◆ DATA SEGMENT ◆
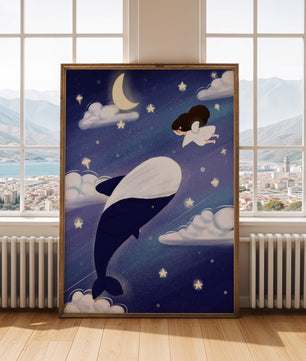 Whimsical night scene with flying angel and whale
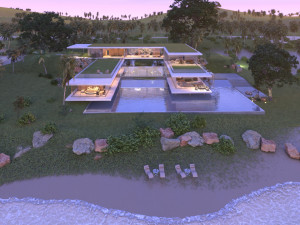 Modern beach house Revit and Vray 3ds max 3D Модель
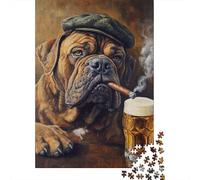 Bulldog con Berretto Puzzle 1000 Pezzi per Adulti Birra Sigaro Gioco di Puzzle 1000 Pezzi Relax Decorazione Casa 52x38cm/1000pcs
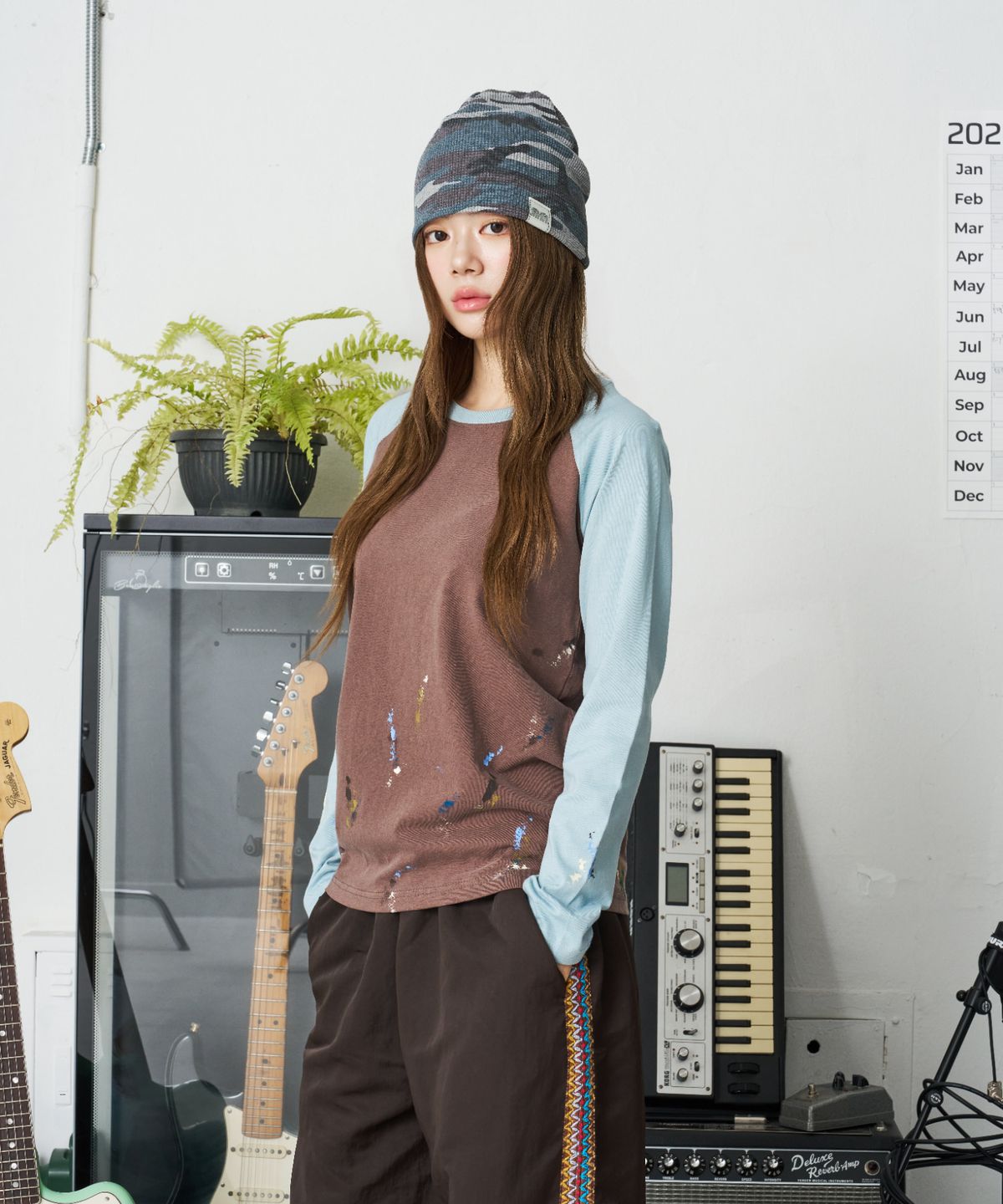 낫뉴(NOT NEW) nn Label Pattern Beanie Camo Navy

◆ REQUIRED WORK ◆
Skip every picture, and give the rest of the material above again exactly.

◆ RESULT OF THIS TASK ◆
 Whimsical night scene with flying angel and whale
 Modern beach house Revit and Vray 3ds max 3D Модель
 Bulldog con Berretto Puzzle 1000 Pezzi per Adulti Birra Sigaro Gioco di Puzzle 1000 Pezzi Relax Decorazione Casa 52x38cm/1000pcs
 낫뉴(NOT NEW) nn Label Pattern Beanie Camo Navy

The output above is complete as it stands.